Because at the moment, I’m married to another story. The historical, serialised Eifel novel. It is not finished yet, plus I need to carve out those short bits I can use for the magazine that is publishing it. And we want to make the long version a printed book. Yes, this year. So you can see where this is going, can’t you? Pressure. Priority. Focus. Eyes on one and only THE one book. No matter how used to each other me and story-spouse are and how well I know all sides to it … it is my current partner, and there is no way I can give in to that hot, new story idea AND keep my present story spouse happy. I am faithful, in a way. Technically, I don’t act on the temptation. But the thoughts, the fantasising about that other “story dude” … omg, I am working hard to reign in the lust!
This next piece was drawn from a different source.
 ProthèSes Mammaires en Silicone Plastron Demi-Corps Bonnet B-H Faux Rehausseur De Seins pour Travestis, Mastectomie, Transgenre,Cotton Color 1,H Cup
So I’m writing all my fantasies down, to put them aside. I add to them if the new story dude keeps distracting me with new flirtatious advances. I have to stay strong, just give him a shy glance (well, okay, maybe I openly stare, but hell — he’s got so much to offer!), then move on and back “home” (alone!) to where my current story is waiting for my full attention. We’ve come a long way together, we enjoyed most of the time together, we had highs and lows, we are still a team and need to stick together until the end. Well, until its end. A healthy writer-story-relationship has to find a natural end at some point.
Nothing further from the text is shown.